Coming on the heels of a visit by Obama to Russell County and the coalfields last week, it's another sign of the major effort being made by the Illinois senator and state Democrats to win Virginia's electoral votes for the first time since 1964. Another campaign tour by an Obama proxy today will target rural issues.
In Pulaski, the "Faith, Family & Values" tour drew two dozen Democratic supporters to the Masonic Lodge, where Shaun Casey, a professor of Christian ethics at Wesley Theological Seminary in Washington, D.C., said Obama continues to face the challenge of overcoming false rumors he's a Muslim.
Casey said his mother, who lives in Kentucky, still gets e-mails that allege Obama is a Muslim who will reveal his true religion only when he wins the White House. "That is still an active story line" in Southwest Virginia, Casey said.
The rumor that Obama is a Muslim was discussed privately among some of the Democratic volunteers before the rally started. Casey advised them that if friends and neighbors ask about the rumor, or worry that Obama isn't Christian, to assure them "that it is not true."

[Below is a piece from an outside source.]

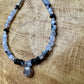 Rainbow Moonstone with Black Tourmaline and Onyx Evil Eye Anklet, Sterling Silver Beaded Gemstone Ankle Bracelet, Evil Eye Charm Anklet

Religion-oriented political events were also held in Lynchburg and Harrisonburg. On Monday, the tour had visited Bristol, Marion and Wytheville.
Another concern of some Obama supporters is that Christians, particularly conservative evangelicals, will be turned off by his stand in favor of abortion rights. Casey said that the Democratic platform -- essentially the party's mission statement drafted at the August convention in Denver -- contains a "commitment to reducing abortions" by bettering the nation's economy so that expectant mothers of modest means will feel more confident about the financial challenges of delivering their babies.
That solution doesn't satisfy the likes of Matt Staver, dean of Liberty University School of Law in Lynchburg and founder of Liberty Counsel, a law firm specializing in church-state issues: "I think what's of concern to evangelical voters are Obama's incontrovertible views on life and values that just don't connect with them."
Staver cited Obama's response to a question from the Rev. Rick Warren in a nationally televised interview in August about when life begins -- that it's "above my pay grade." Staver said, "For the president to say that when life begins for a baby is above his pay grade is incomprehensible."
Republicans plan to start rallying religious voters in Southwest Virginia during the next few days with a house-to-house canvass called "Americans of Faith," said Judi Lynch, a Montgomery County resident who is a member of the party's state central committee. "The McCain-Palin ticket is strong on true conservative Christian values," she said.
In Roanoke, meanwhile, Holton appeared before a cheering crowd of about 75 people gathered in a meeting room at Total Action Against Poverty, a nonprofit group based in downtown. The lifelong Republican, who was governor of Virginia from 1970 to 1974, said, "I guess I ought to be ashamed" to support the Democratic presidential nominee. "But I'm not."
He criticized the Bush administration and the Republican majority in Congress that existed until 2006. "They gave me an experience that made me decide we've got to throw the rascals out and do something else."
Holton, whose daughter, Anne Holton, is married to Gov. Tim Kaine, a Democrat, praised Obama's education at Columbia University and Harvard Law School: "He's got a brain and he knows how to use it."
The loudest applause and a standing ovation for Holton came at the conclusion of his 15-minute speech, when he donned a white cap that proclaimed "Obama" in blue letters. Immediately afterward, on the sidewalk outside, Obama backers distributed bumper stickers.